What if we could build a ship—build all of our ships—in a way in which regular maintenance periods could be used to accomplish major capability upgrades? These more frequent and less intrusive upgrades would accomplish two things. They would ensure that the ship remains in front of the threats it is imagined against, and because the capability upgrades will have arisen from a domain architecture – and a disciplined systems engineering process – the prospects for interoperability with the rest of the architecture are improved.
I’m talking mainly about functionality driven by open architecture schemes---in which the Navy controls the interface and industry creates the applications to meet architecturally driven requirements. Because a coherent systems engineering organization will have been involved from the beginning, where an application for a particular function has already been created—it, or portions of it—can be integrated into the computing platform of the ship. This commonality, this reuse, also contributes to architectural interoperability.
But why stop with software?
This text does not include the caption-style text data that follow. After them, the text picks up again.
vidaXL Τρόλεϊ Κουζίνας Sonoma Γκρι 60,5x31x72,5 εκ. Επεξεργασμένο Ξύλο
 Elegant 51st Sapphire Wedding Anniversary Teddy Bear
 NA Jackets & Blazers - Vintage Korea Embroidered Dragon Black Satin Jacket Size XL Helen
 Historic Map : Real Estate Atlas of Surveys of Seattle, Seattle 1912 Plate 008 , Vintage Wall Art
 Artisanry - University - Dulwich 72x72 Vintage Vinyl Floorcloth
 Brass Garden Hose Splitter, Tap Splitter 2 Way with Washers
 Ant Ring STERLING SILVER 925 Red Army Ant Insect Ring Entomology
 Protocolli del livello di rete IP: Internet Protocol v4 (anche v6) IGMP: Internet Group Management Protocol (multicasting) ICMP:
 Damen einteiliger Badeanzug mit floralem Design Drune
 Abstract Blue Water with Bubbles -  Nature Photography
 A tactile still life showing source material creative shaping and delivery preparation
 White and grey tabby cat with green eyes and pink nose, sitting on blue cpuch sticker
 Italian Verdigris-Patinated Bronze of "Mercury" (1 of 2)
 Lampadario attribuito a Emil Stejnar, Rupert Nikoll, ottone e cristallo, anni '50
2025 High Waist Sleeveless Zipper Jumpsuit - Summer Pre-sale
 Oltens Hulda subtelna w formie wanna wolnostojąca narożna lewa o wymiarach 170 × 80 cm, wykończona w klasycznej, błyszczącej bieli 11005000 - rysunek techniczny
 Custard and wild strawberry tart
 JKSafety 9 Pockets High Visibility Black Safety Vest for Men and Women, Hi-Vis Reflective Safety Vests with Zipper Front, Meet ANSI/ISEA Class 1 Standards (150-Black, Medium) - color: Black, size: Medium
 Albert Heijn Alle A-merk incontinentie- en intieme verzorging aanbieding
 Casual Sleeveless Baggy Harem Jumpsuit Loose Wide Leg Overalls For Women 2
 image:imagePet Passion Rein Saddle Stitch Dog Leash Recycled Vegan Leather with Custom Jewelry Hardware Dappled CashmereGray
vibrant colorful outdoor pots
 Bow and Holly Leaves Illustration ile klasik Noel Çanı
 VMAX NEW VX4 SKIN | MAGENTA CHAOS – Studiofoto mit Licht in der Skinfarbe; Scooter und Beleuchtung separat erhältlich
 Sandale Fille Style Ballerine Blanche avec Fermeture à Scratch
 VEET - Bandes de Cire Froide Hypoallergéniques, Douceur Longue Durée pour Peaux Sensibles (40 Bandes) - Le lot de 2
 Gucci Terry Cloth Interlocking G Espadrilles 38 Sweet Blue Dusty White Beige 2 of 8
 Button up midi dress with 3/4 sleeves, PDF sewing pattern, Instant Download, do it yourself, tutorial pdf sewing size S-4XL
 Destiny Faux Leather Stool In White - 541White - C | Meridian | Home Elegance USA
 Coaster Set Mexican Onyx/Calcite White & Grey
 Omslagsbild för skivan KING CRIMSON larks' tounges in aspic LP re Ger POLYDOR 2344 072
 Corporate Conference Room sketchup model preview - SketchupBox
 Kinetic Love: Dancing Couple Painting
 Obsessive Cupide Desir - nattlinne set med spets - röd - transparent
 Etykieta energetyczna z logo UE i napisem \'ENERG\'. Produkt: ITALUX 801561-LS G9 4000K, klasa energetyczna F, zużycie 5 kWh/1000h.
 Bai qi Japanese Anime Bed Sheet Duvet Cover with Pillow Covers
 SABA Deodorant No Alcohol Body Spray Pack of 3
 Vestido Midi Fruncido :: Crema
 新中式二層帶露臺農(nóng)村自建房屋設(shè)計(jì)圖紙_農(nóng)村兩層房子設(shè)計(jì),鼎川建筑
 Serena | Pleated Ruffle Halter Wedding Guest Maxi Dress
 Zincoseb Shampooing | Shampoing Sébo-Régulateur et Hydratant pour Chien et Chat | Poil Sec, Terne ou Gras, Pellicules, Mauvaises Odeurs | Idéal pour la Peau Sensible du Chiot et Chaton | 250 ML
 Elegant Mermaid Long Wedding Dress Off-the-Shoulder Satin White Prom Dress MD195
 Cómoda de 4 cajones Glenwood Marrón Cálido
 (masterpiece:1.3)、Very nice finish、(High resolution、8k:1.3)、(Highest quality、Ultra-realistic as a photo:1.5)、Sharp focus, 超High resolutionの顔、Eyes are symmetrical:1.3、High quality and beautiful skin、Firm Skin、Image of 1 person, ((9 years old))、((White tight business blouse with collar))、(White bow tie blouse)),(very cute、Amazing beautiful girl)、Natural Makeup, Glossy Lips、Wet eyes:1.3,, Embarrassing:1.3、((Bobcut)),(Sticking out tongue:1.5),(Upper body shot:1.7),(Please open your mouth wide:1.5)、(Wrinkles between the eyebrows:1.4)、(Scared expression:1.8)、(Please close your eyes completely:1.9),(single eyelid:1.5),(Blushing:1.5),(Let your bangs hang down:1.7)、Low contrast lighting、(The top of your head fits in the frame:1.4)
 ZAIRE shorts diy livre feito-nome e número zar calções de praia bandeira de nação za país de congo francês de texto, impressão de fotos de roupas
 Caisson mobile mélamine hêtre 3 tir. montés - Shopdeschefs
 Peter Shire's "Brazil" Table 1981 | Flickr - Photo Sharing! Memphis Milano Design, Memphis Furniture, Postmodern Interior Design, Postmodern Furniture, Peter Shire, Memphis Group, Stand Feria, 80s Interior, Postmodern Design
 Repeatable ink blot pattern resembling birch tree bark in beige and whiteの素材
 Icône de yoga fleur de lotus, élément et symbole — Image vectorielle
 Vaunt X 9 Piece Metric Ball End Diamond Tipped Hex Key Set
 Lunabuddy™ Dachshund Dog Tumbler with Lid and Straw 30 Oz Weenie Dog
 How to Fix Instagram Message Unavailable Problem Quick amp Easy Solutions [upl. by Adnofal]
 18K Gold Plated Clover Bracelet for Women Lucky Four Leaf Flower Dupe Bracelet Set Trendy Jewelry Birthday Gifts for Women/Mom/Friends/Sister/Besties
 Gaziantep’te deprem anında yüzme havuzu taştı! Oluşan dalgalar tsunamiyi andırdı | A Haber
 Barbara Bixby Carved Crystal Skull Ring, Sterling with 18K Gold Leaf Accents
We took a stab at modularity in the LCS (Littoral Combat Ship) class, and while it was a well-intentioned stab, it appears that we may have gotten it wrong. Mission area modularity—to me—makes much less sense than component level modularity. I’ve come to refer to this as “the commoditization of capability”, and how we get there is somewhat like how we get to software architectures. The government—i.e. the Navy—defines the real estate and the support functions—in other words, it defines the physical interfaces. Space, weight, power, and cooling are provided, and industry is asked, “what can you do with this space”? This is why RADM Carr talks about “trucks”. The ship is a truck that carries around commodities, and those commodities are capabilities—capabilities that can be switched out pierside while the enabling software is upgraded over encrypted networks.
You know better than I that this approach is not the way we do things now, and you also know better than I that the government almost certainly wouldn’t get it right if it tried to impose such a system on industry.
So why not work together?
Why not bring together the various stakeholders in this process and begin the work of creating the future?
Why not get the fleet, the requirements community, the acquisition community, and industry together and hash this stuff out?
Why not say to industry—“here is where we want to go—can you help us get there?”
I believe we can. I know it is worth doing. And I am certain that it will take inspired leadership across a number of years to accomplish.
It will certainly not be easy.
But if it were easy—the Navy wouldn’t be doing it.